GIVEN RECORDS
┌──

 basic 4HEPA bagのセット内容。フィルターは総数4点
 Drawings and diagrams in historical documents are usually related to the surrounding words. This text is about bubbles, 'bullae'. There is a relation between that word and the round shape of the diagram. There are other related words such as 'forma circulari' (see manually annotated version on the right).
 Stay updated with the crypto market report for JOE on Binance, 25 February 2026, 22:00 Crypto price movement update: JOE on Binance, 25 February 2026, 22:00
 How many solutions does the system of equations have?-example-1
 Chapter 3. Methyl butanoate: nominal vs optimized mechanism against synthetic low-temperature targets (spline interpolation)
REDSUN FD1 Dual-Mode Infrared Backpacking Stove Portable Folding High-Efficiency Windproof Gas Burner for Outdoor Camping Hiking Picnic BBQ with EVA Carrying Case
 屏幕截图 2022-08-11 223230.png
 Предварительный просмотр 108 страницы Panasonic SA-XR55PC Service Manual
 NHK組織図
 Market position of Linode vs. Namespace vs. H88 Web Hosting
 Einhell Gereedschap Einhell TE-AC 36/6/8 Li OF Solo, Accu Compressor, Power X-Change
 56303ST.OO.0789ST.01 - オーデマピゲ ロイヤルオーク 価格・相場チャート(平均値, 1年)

└──
┌──

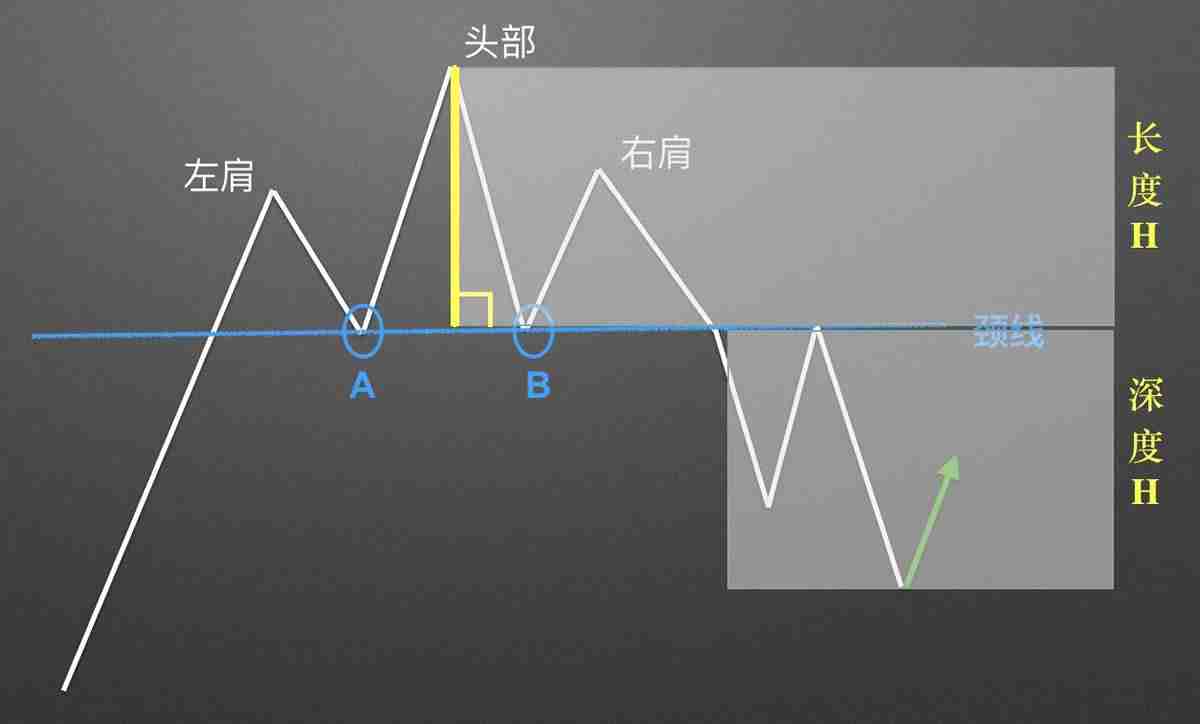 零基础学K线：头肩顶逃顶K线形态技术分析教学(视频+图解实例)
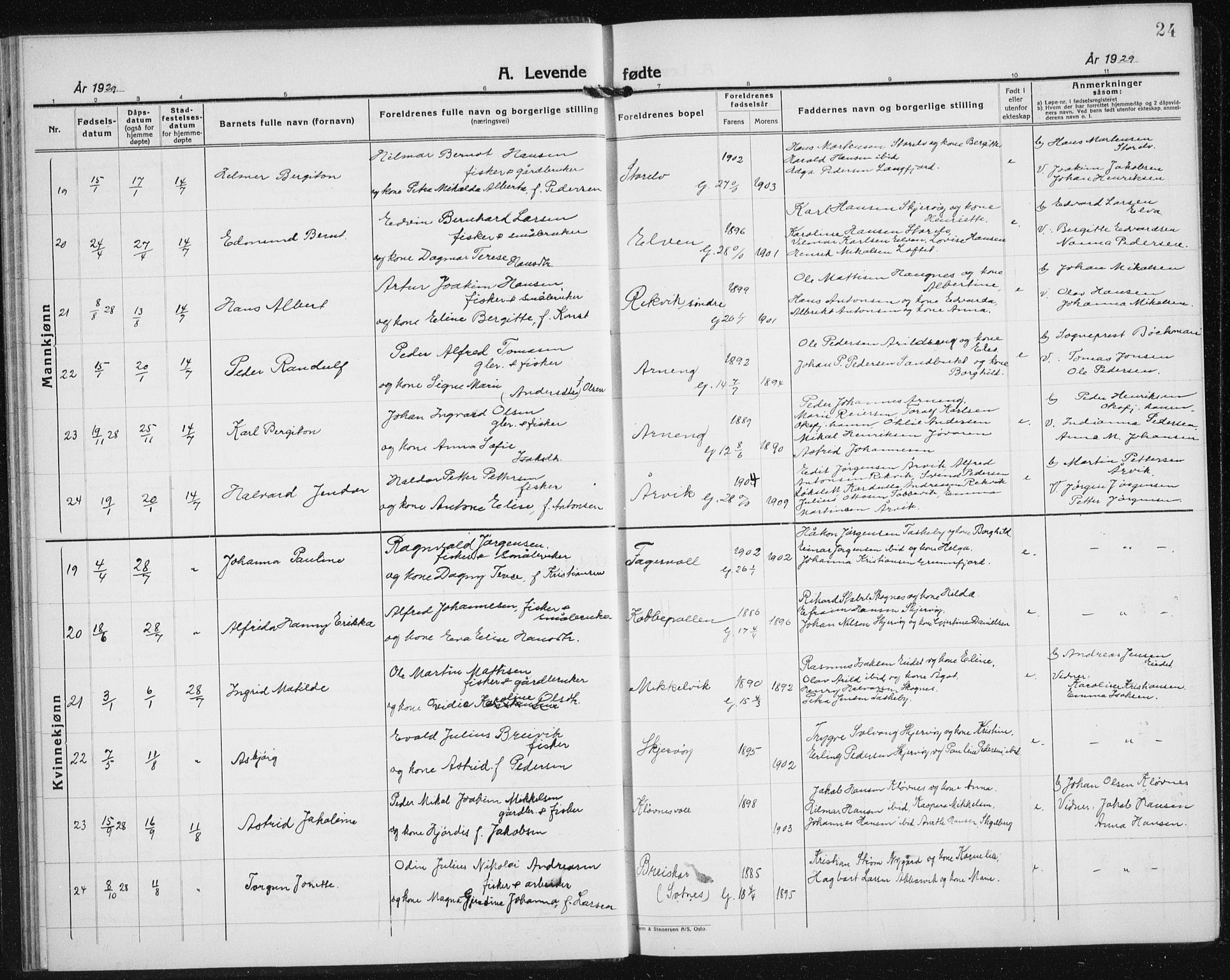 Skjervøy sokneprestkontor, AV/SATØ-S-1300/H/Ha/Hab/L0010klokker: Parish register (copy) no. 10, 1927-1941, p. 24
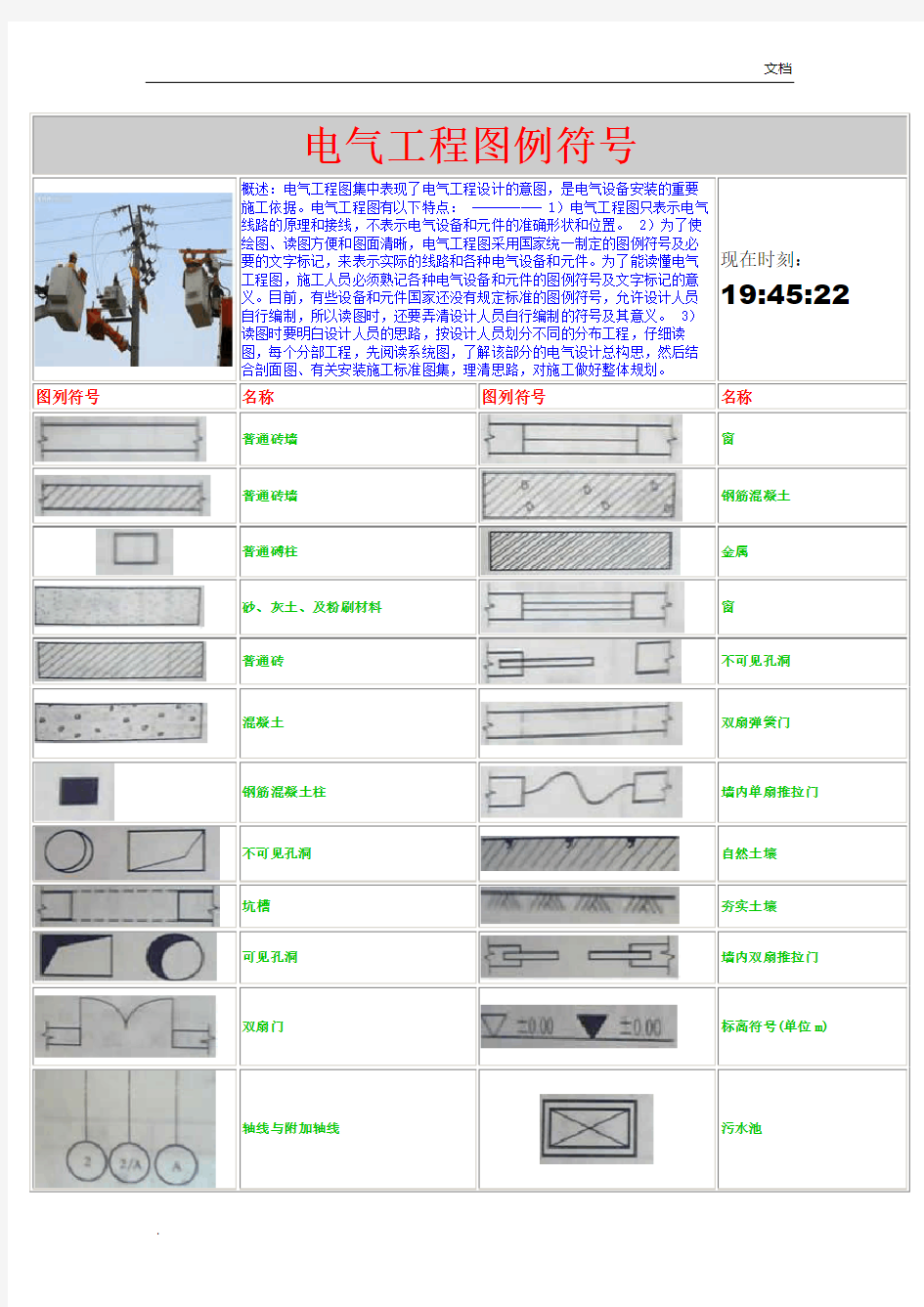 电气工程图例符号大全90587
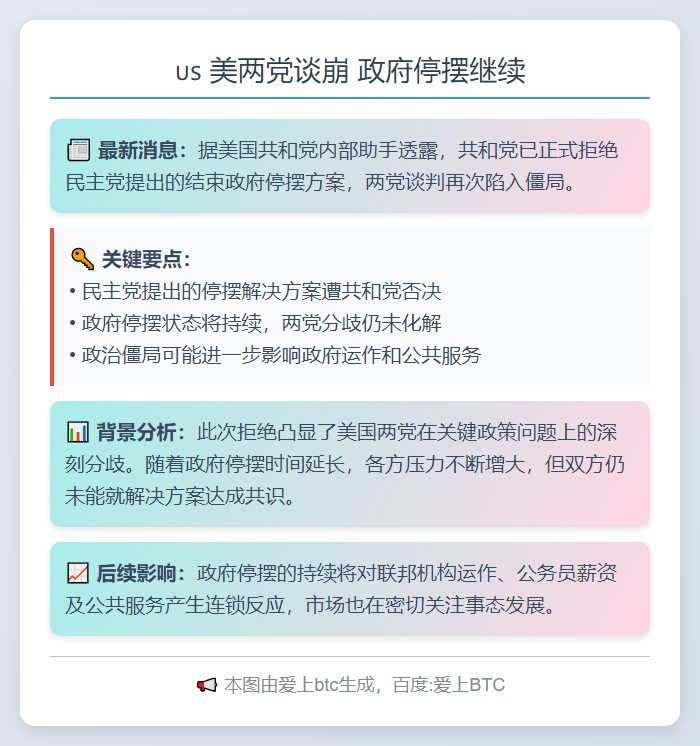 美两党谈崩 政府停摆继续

└──

TASK OBJECTIVE
Every line in the data that holds "with" should be copied out.

COMPLETED EXERCISE
 Stay updated with the crypto market report for JOE on Binance, 25 February 2026, 22:00 Crypto price movement update: JOE on Binance, 25 February 2026, 22:00
REDSUN FD1 Dual-Mode Infrared Backpacking Stove Portable Folding High-Efficiency Windproof Gas Burner for Outdoor Camping Hiking Picnic BBQ with EVA Carrying Case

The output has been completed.